Ассоциация неслучайна, так как нынешняя картина мира так же мозаична и калейдоскопична. Научные факты появляются рядом с «желтыми» журналистскими сенсациями и «серым» политическим пиаром. «Жизнь слова» разворачивается между SMS-сообщениями и «рекламными паузами» на ТУ. Гегемония медиакультуры в качестве «защитного механизма» подключает «сомнение» и «подозрение» зрителя-слушателя (об этом - замечательная книга Б. Гройса «Под подозрением»). «Попса», «глянец», «бестселлеры», «тусовки» заметно теснят искусство всех видов и направлений. Коммерциализация «правит бал» в политике и науке, в искусстве и журналистике, в образовании и просвещении. И любое серьезное явление культуры, включая гуманитарные исследования, вынуждено реализоваться в этом «пестром» и динамичном контексте. Можно ли этого избежать?
Сергей Юрьевич, как истый шестидесятник, мечтает о простых «рецептах» спасения гуманитарных наук: о поиске объективной истины, овладении оптимальным инструментарием анализа, включенном наблюдении, расширении предметного поля и т. п. Он предусматривает в скором времени даже междисциплинарную «конвертацию» магистров (филолога в культуролога, фольклориста в антрополога) - как новацию, соответствующую состоянию современной гуманитаристики.

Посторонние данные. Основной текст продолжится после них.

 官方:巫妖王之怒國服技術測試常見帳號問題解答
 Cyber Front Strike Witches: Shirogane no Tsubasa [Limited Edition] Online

Но при этом - странное допущение, что «знание о культуре» до сих пор противостоит «знаниям о природе» и «знаниям о технике» (как будто наше отношение к технике или природе не является частью культуры). Или - апелляция к филологии как «самой гуманитарной из гуманитарных наук» (и это в разгар очевидного кризиса литературоцент-ризма и логоцентризма!). Почему же не выделить в этом качестве культурологию или, скажем, культурную антропологию?
Ведь если и согласиться с автором, что главным предметом гуманитарных наук сегодня является язык, то уж наверняка придется оговари-
вать, что это язык культуры. Такой «язык» (в широком и метафорическом смысле слова) является невербальным языком ритуала, повседневного поведения, техники, визуального «клипового мышления». Трудно все-таки представить, что в акциональных, изобразительных, музыкальных и «вещных» текстах слово по-прежнему остается «главной организующей силой культурной традиции». Ведь мы имеем дело с диалогическими отношениями вербального с визуальным, письменного с устным, сознания с бессознательным, «своего» с «чужим» - т. е. с «вторичным моделированием» культурных текстов.
Возражение вызывает и установка С.Ю. Неклюдова на «методику получения объективного этнологического знания». Как выработать «матрицы анализа», в которых материал чужой культуры не был бы «испорчен», «искажен» вторжением культуры своей? Как добиться «аутентичности» культурных, в том числе фольклорных, текстов, воссоздаваемых исследователями задним числом, в ином контексте, искусственно? Как воссоздать «полную и достоверную информацию» человека «о себе в культуре (и культуры о самой себе)»?
Подозреваю, что никак, никогда. Мы вообще не узнаем ни «полной», ни «достоверной» информации - ни о культуре, ни о человеке, ни об истории, и у нас нет критериев, инструментов, процедур для оптимальной верификации такой информации. «Войны в Персидском заливе не было!» - пусть этот хлесткий слоган Ж. Бодрийяра предостерегает каждого гуманитария от наивной веры в конечность и объективность научного познания. Истина XXI века многомерна и многозначна, текуча, исторически и контекстуально изменчива, и с этим ничего не поделаешь. Современному гуманитарию предстоит максимально подробно исследовать саму многомерность и многозначность гипотетической истины, учитывая различные ее версии и самые вольные интерпретации.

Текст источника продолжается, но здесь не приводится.